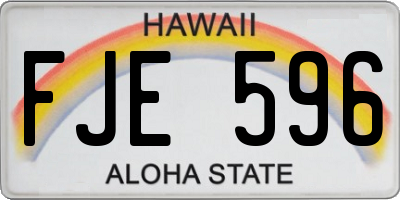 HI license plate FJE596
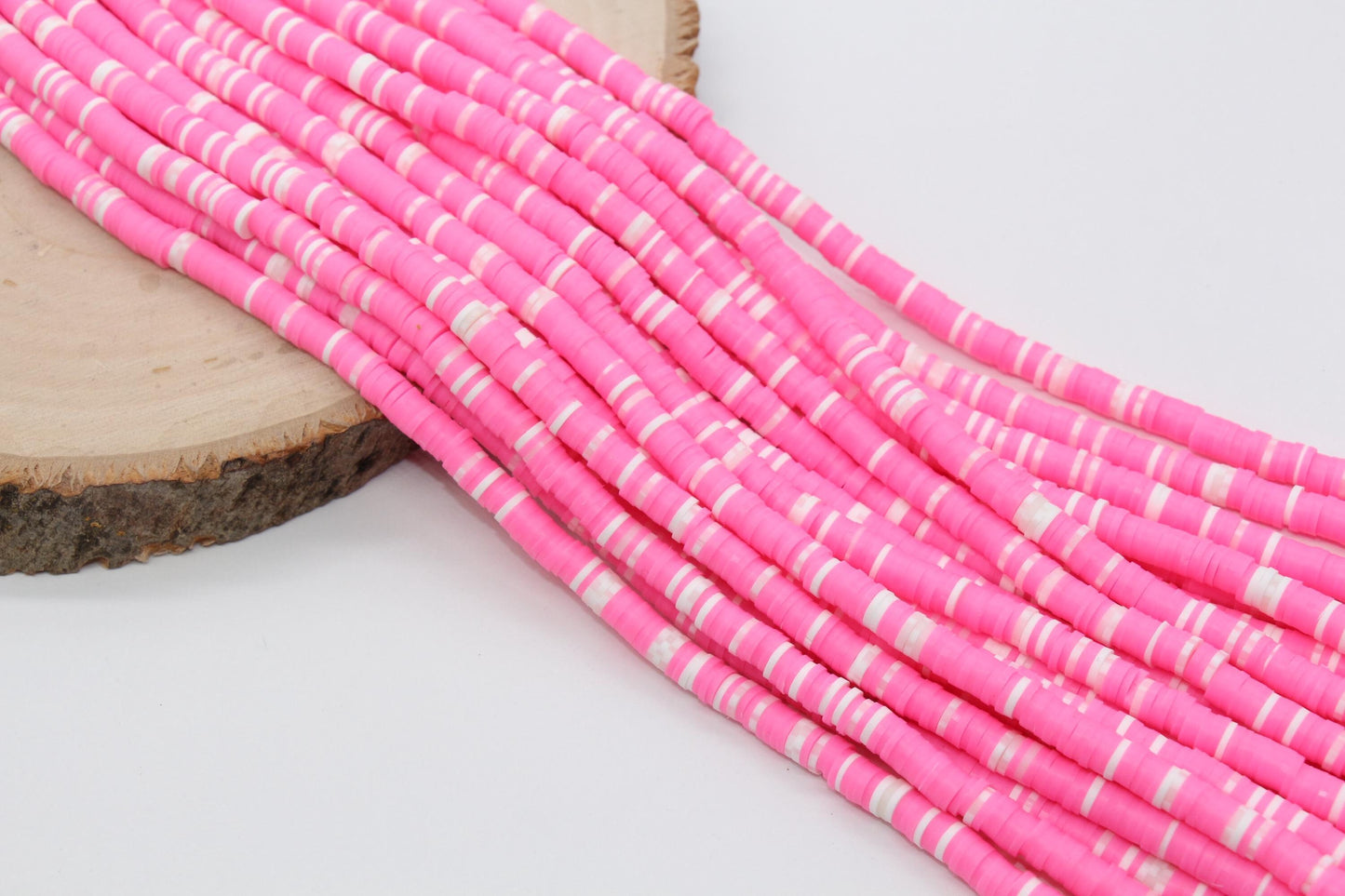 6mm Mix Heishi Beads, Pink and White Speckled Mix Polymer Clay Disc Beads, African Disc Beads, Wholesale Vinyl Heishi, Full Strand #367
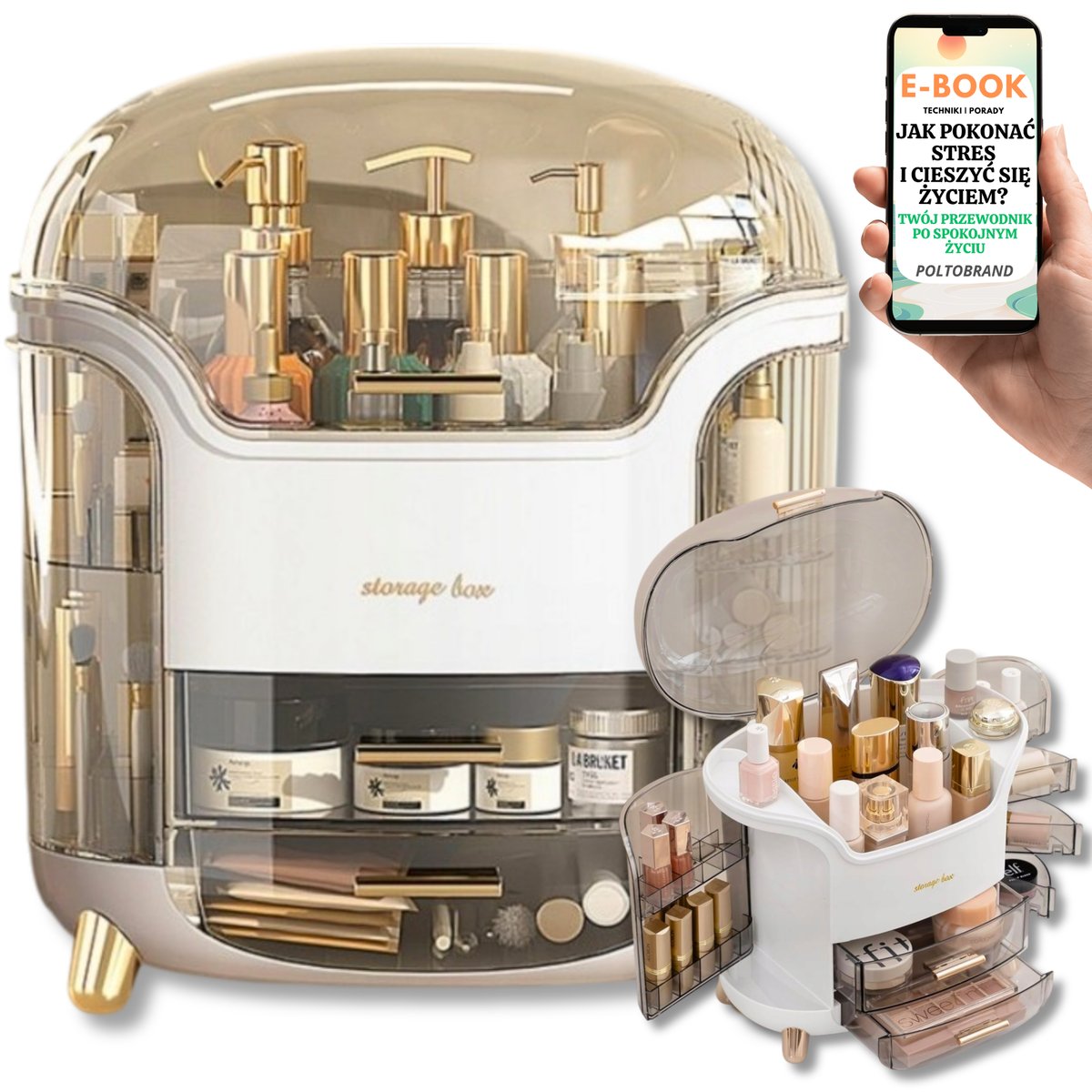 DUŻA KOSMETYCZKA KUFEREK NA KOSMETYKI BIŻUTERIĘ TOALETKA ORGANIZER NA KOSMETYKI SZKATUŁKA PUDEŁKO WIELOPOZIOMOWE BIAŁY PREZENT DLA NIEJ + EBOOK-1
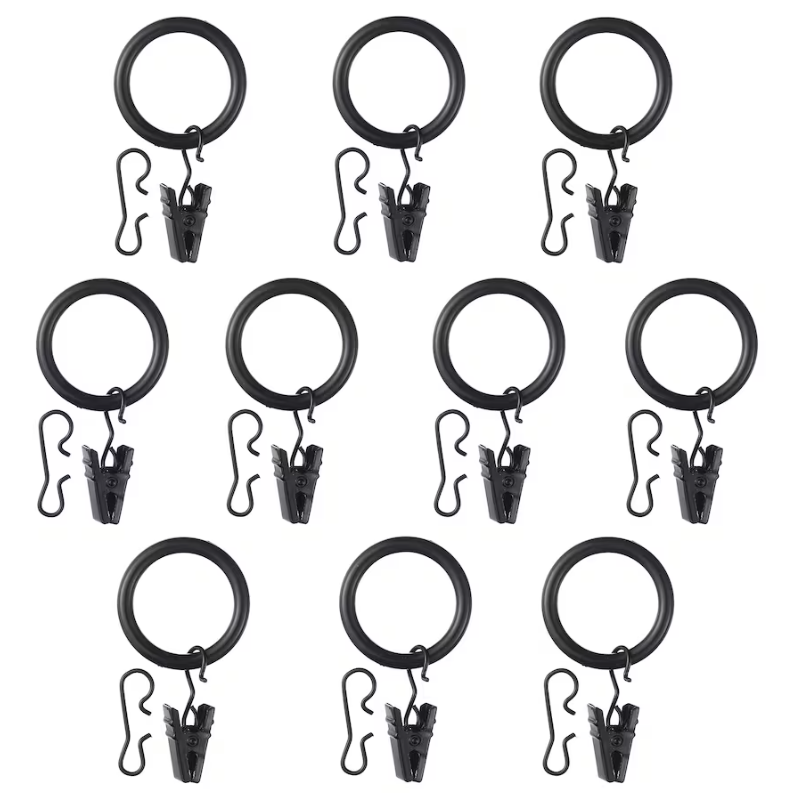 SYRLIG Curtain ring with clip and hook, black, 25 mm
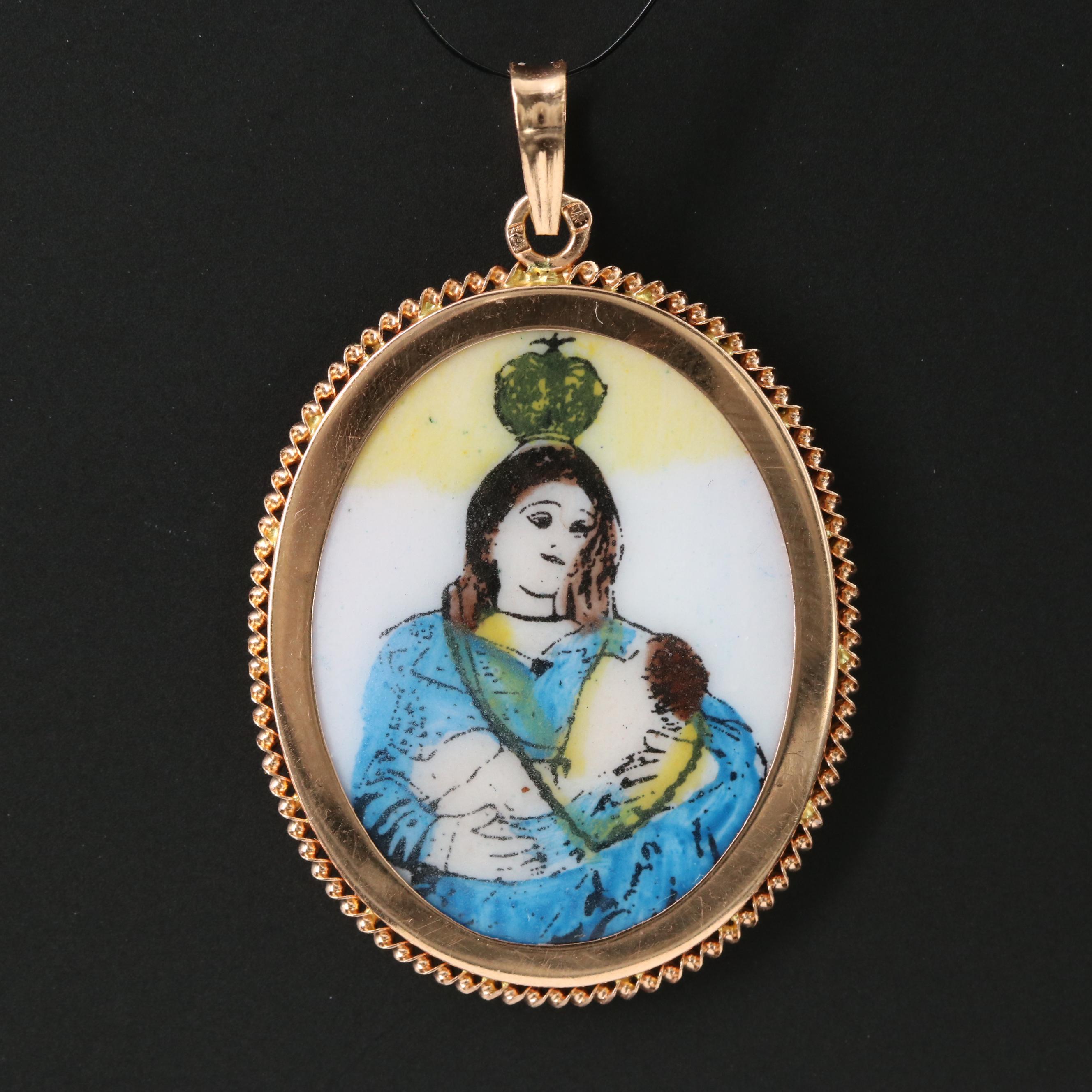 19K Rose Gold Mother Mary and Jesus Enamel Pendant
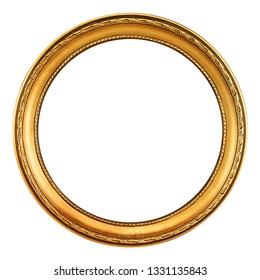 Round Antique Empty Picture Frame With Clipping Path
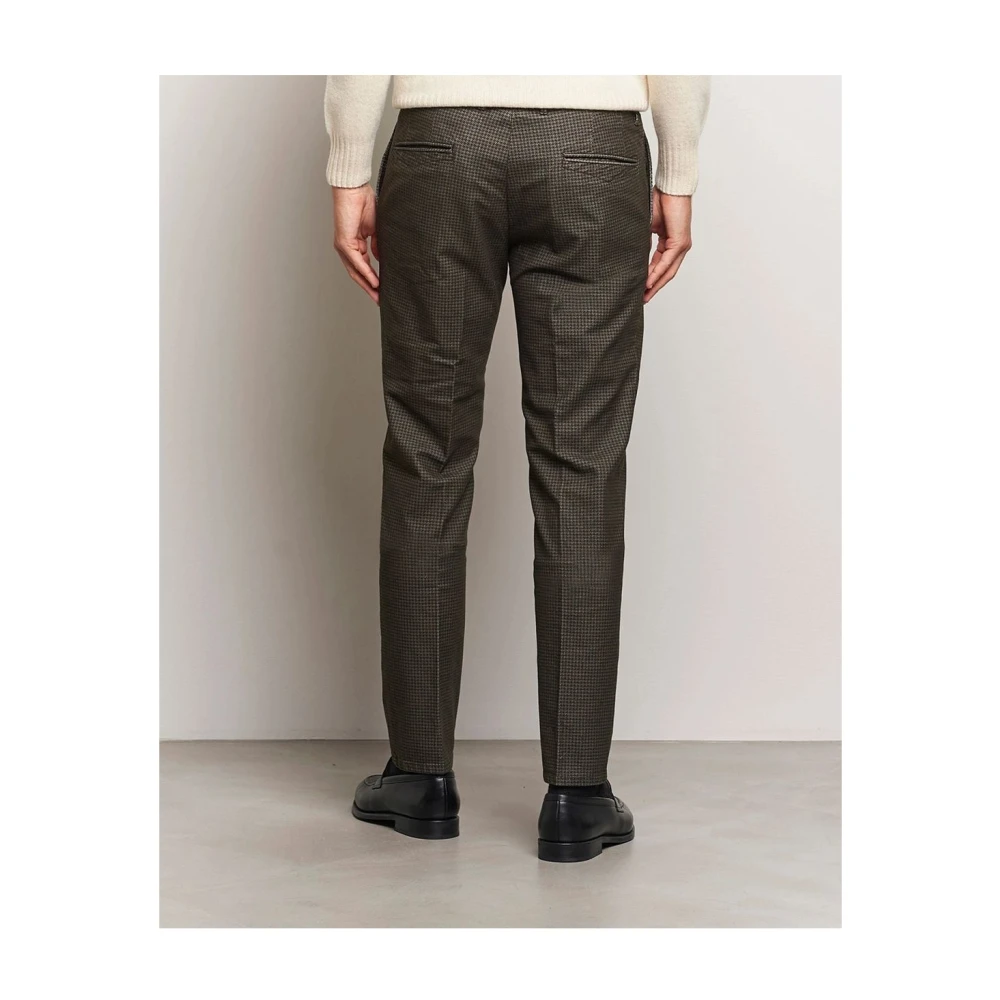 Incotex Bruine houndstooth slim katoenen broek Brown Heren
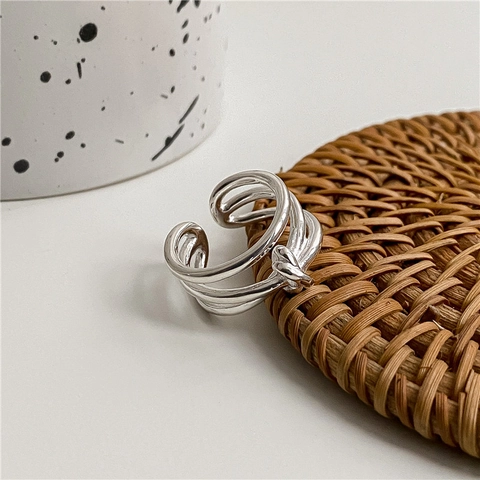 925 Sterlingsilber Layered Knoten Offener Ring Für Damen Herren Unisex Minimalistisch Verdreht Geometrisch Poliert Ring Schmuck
________________________
> [Task requirements]: Retype each line of the data exactly, beginning with the first; include the line containing "6mm Mix Heishi" and stop there, skipping every picture.

> [Solution for this problem]:
 HI license plate FJE596
 6mm Mix Heishi Beads, Pink and White Speckled Mix Polymer Clay Disc Beads, African Disc Beads, Wholesale Vinyl Heishi, Full Strand #367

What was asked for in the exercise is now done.